Star Division-Chef Börries: "Ich bin nicht die deutsche Ausgabe von Bill Gates."

30.05.1997
HAMBURG: Der alte Kontinent Europa ist der Hamburger Star Division GmbH zu klein geworden. ComputerPartner-Autor Stefan Rohr unterhielt sich mit dem Geschäftsführer Marco Börries über seine Rolle als Unternehmer, die Expansionspläne des Softwareherstellers, die Defizite der IT-Branche und über den Konkurrenten Microsoft.Fortsetzung des Interviews mit Marco Börries aus ComputerPartner 08/97

HAMBURG: Der alte Kontinent Europa ist der Hamburger Star Division GmbH zu klein geworden. ComputerPartner-Autor Stefan Rohr unterhielt sich mit dem Geschäftsführer Marco Börries über seine Rolle als Unternehmer, die Expansionspläne des Softwareherstellers, die Defizite der IT-Branche und über den Konkurrenten Microsoft.Fortsetzung des Interviews mit Marco Börries aus ComputerPartner 08/97

? Herr Börries, einem geschenkten Gaul schaut man nicht ins Maul. Glauben Sie wirklich, daß der kostenlose Erhalt von StarOffice beim Kauf eines Rechners auch die tatsächliche Verwendung dieser Software nach sich zieht?

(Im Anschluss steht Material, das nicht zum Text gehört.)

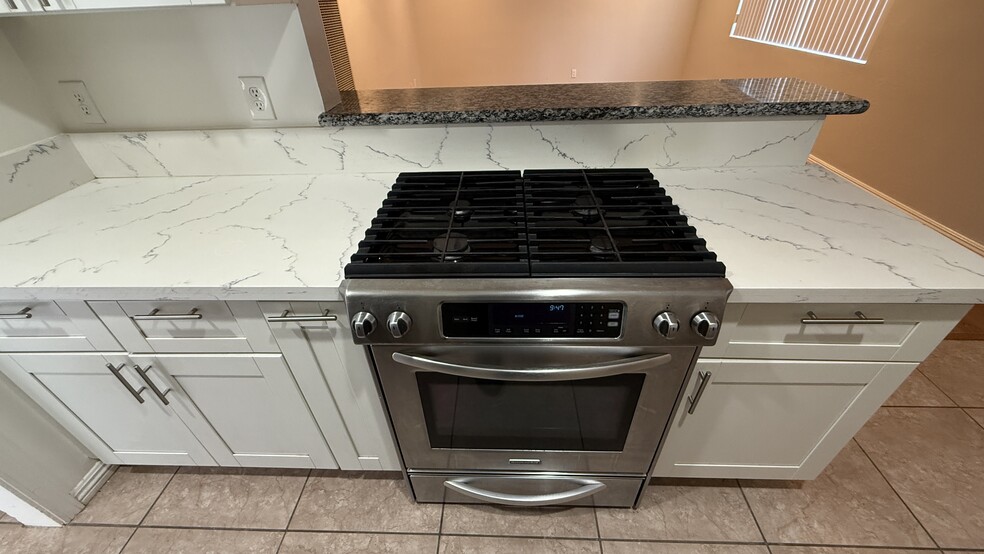 Gas Range/Oven - 913 Marine St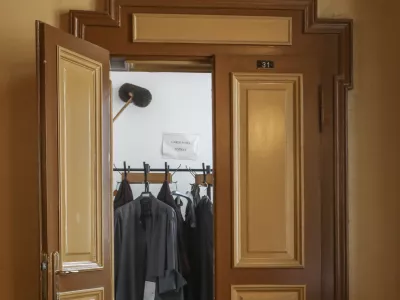 14.10.2025 - simbolična fotografija - sodi&scaron;če - sodstvo - tožilec - tožilstvo - toga - Foto: Luka Cjuha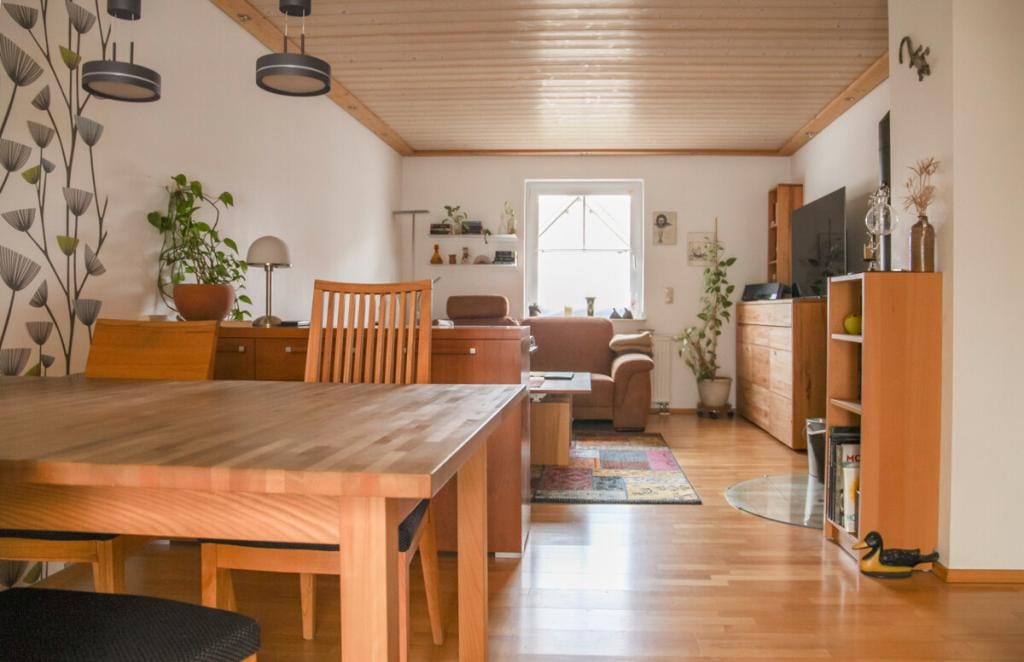 Immobilie in Gelchsheim - Wohlfühlhaus mit Charme, großem Garten & Werkstatt - ideal für Familien und Macher - Bild 3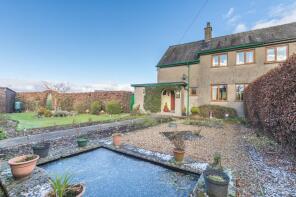 8, Middleshaw Crescent, Kendal LA8 0LY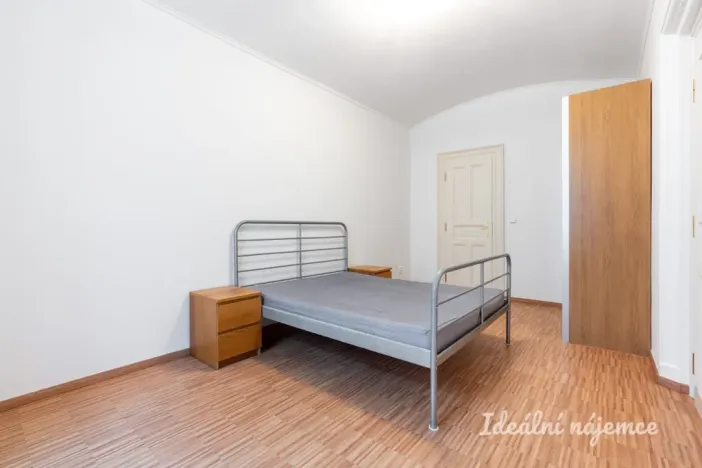 Pronájem bytu 2+kk, Praha, Plaská, 40 m2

BÖRRIES: Die Frage müßten Sie natürlich indirekt genauso Microsoft stellen. Ich glaube, im Consumer-Bereich ist das OEM-Geschäft ein wichtiges Geschäft, weil es dort um die Grundausstattung geht. Unsere Zahlen belegen derzeit eine Nutzungsrate von circa 55 Prozent - also sehr, sehr erheblich.

? Wo steht Ihr Unternehmen in zehn Jahren?

BÖRRIES: In zehn Jahren? Das ist zu lange für die Computerwelt. Wir haben einen Plan, wo wir in fünf Jahren stehen wollen.

? Na gut: Wo steht Ihr Unternehmen dann in fünf Jahren?

BÖRRIES: Wenn unsere Pläne aufgehen, werden wir Ende 1998 weltweit, auch im asiatischen Raum, global mit ungefähr zwölf eigenen Offices vertreten sein. In fünf Jahren möchten wir einen signifikanten Marktanteil im Weltmarkt haben. Wir haben uns dort zum Ziel gesetzt - wenn ich jetzt mal den professionellen Markt betrachte - zu den 5.000 größten Unternehmen der Welt zu gehören. Unser Ziel für den Large Enterprises-Bereich bis Ende 2001 ist es, zehn Millionen Pakete installiert zu haben. Wir glauben, daß wir das schaffen können.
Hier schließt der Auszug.